私は豊中市で歯科医院を開業しております。
COVID-19発生当初は危険視もされた歯科医院ですが、大阪府知事がTwitterで「歯科医院でクラスター発生がゼロ。何かある。」とつぶやいたことが話題になりました。
私が歯科医師になった頃は素手で診療する先生も多く、グローブをして治療すると「俺の口が汚いから手袋を使うのか?」と怒る患者さんがいたり、「素手で治療しないと微妙な手指感覚がわからないぞ」と先輩からいわれることもある時代でした。それから25年以上経ちますが、Aids(HIV)やB型・C型肝炎、SARSなどが社会問題になるたびにマスコミなどから歯科治療の安全性が問われてきた事もあり、歯科医院ではスタンダードプリコーション(標準予防策=全ての患者さんが感染源の可能性があるとみなした感染予防対策)が徹底されています。歯科医師は新型コロナ禍になる前から、他の職種以上に常にマスクやグローブを使用し、高度な消毒・滅菌を日常的に行ってきました。

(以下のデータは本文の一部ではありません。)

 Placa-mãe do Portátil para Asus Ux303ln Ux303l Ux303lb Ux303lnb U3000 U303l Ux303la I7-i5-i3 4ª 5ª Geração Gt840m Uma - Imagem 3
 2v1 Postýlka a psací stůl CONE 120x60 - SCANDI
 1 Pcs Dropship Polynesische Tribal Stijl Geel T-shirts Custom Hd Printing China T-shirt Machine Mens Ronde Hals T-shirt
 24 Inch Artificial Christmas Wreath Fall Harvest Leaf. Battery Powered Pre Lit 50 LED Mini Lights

2020年4月に激減した患者数も、その後歯科医院の安全性や口腔ケアによる免疫力向上の重要性が理解され全国的に回復しています。今では感染に人一倍気をつけている患者さんほど「外出するのは、食料品の買い物と歯科の定期健診ぐらいョ」と通ってきてくださいます。
むしろ、今後心配なのは公衆衛生です。市歯科医師会では毎年、市民健康展やよい歯の集い・8020表彰などの市民啓発活動、市内の小学校への巡回ハミガキ指導を行っていますが、昨年に続き今年度も中止の予定です。巣ごもり生活で虫歯が増えた子供もおり、お口の健康意識の低下が危惧されています。

まだまだ気を緩める訳にはいきませんが、悪いことばかりではなく、歯科医院が困難を乗り越え改善してきたように、新型コロナ対策で未知の感染症にも強い社会に進化することを願っています。